WHAT THIS TASK INVOLVES:
The exact lines of the listing, from its first through the line that contains "Mercedes-Benz SL 55", are to make up the answer, and pictures are to be left out.
=== Begin Enclosure ===
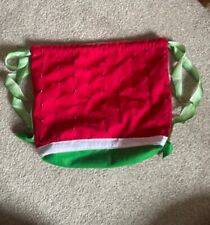Watermelon style bag for sale  SALTBURN-BY-THE-SEA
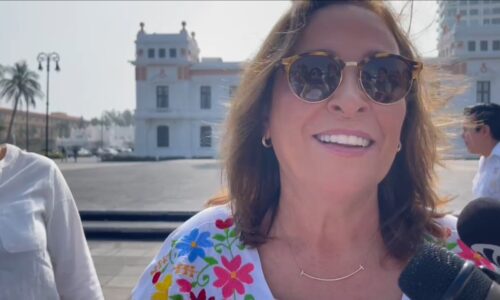 Cien por ciento en hoteles de Veracruz: Rocío Nahle – Retomar la cultura de Veracruz y contagiar a turistas, metas para fin de año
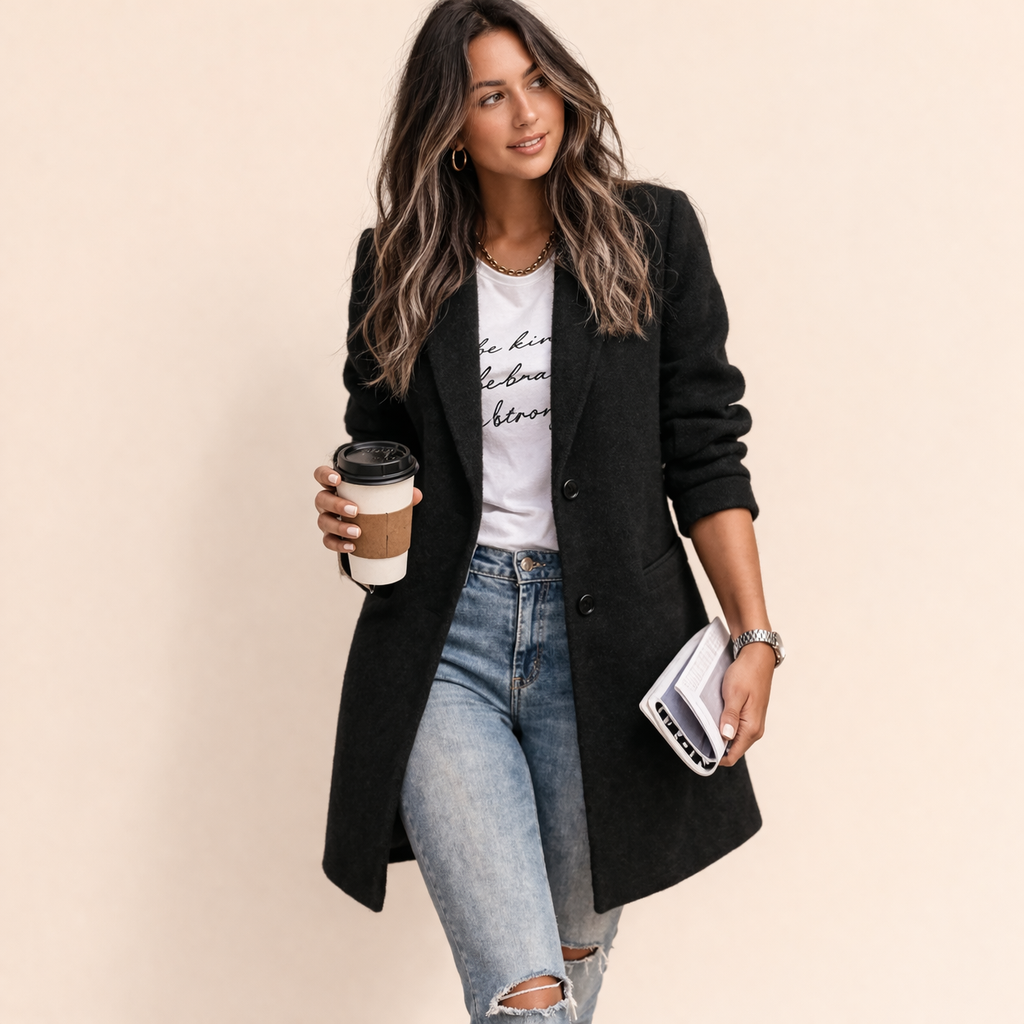 Seraphine | Long Women’s Blazer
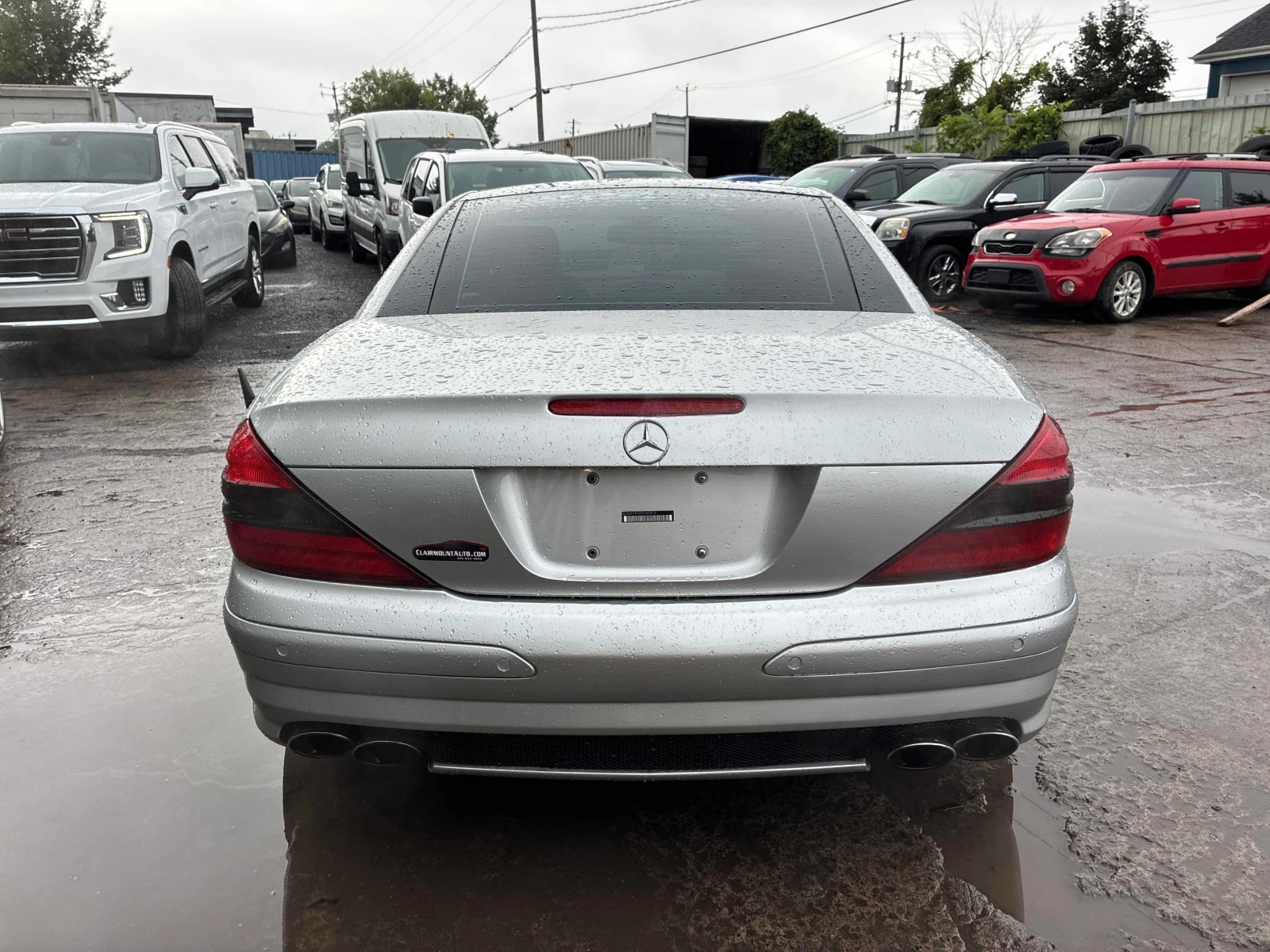 Mercedes-Benz SL 55 AMG * ���������� ��� ������������ ������*  | Mobile.bg � ����������� 4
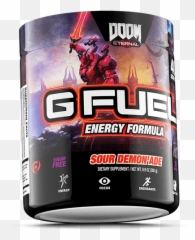 Sour Demonu0027ade - Demonade Gfuel png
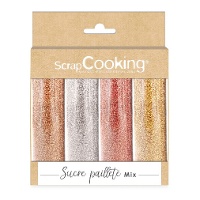 Kit de sprinkles azúcar mix de 80 gr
=== End Enclosure ===
SOLUTION:
Watermelon style bag for sale  SALTBURN-BY-THE-SEA
 Cien por ciento en hoteles de Veracruz: Rocío Nahle – Retomar la cultura de Veracruz y contagiar a turistas, metas para fin de año
 Seraphine | Long Women’s Blazer
 Mercedes-Benz SL 55 AMG * ���������� ��� ������������ ������*  | Mobile.bg � ����������� 4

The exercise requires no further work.